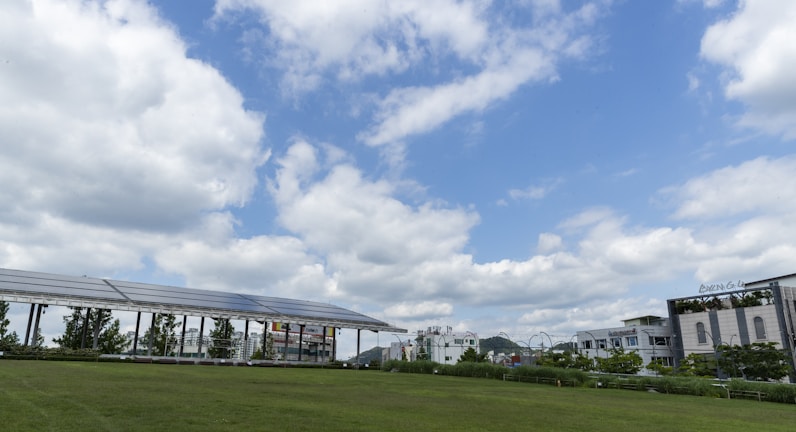 A vibrant green field with weather sensors and solar panels under a clear blue sky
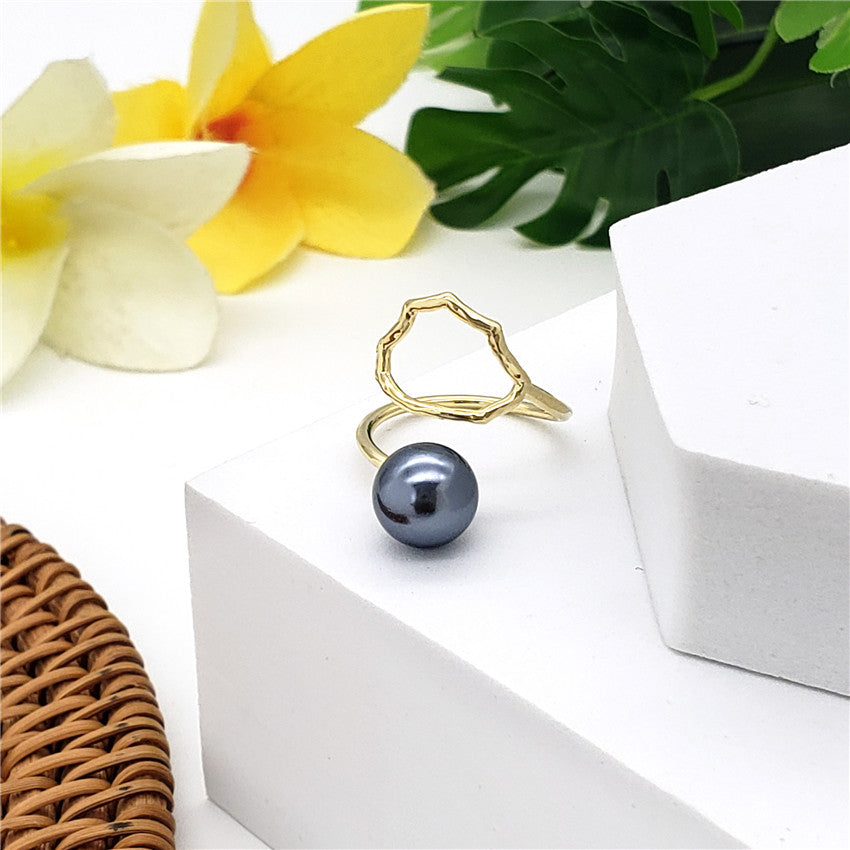 Wavy Ring With A Pearl In Different Styles And Colors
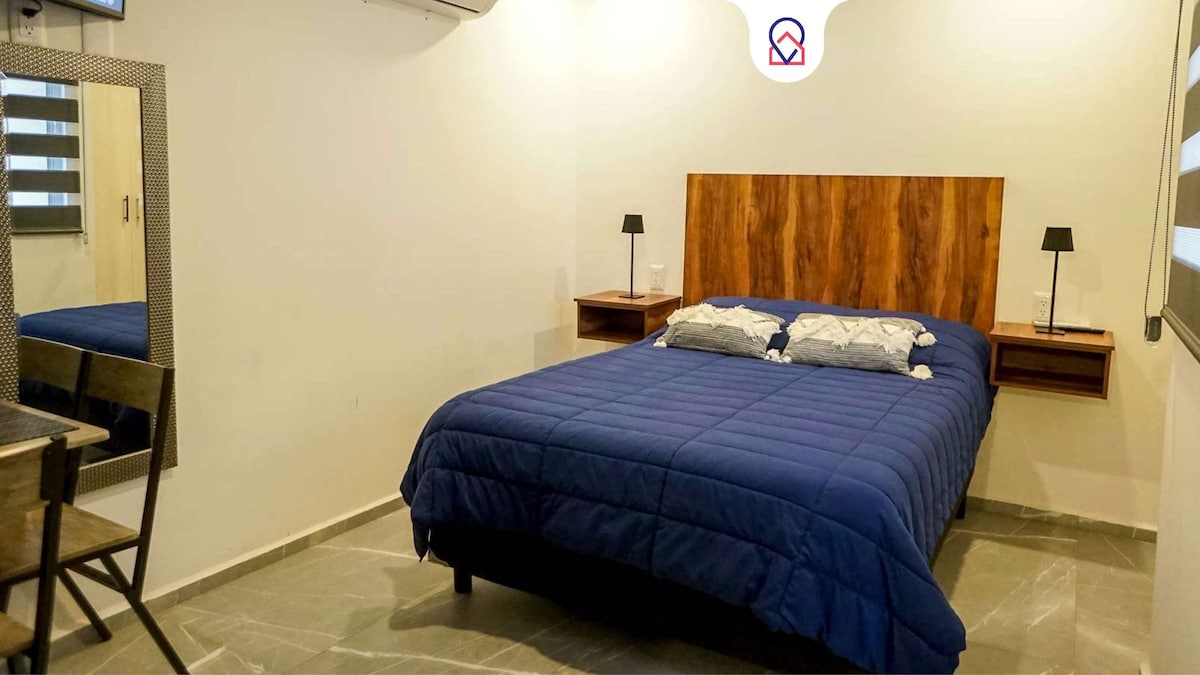 A spacious sleeping area is equipped with a large bed featuring a wooden headboard. Two bedside tables with lamps are placed on either side. A mirror and a small table are positioned nearby, adding functionality to the room's layout.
◇ ◇ ◇ ◇ ◇
__What you have to do__
All of the material must be repeated exactly in the answer, apart from the pictures.

__Your response__
 A vibrant green field with weather sensors and solar panels under a clear blue sky
 Wavy Ring With A Pearl In Different Styles And Colors
 A spacious sleeping area is equipped with a large bed featuring a wooden headboard. Two bedside tables with lamps are placed on either side. A mirror and a small table are positioned nearby, adding functionality to the room's layout.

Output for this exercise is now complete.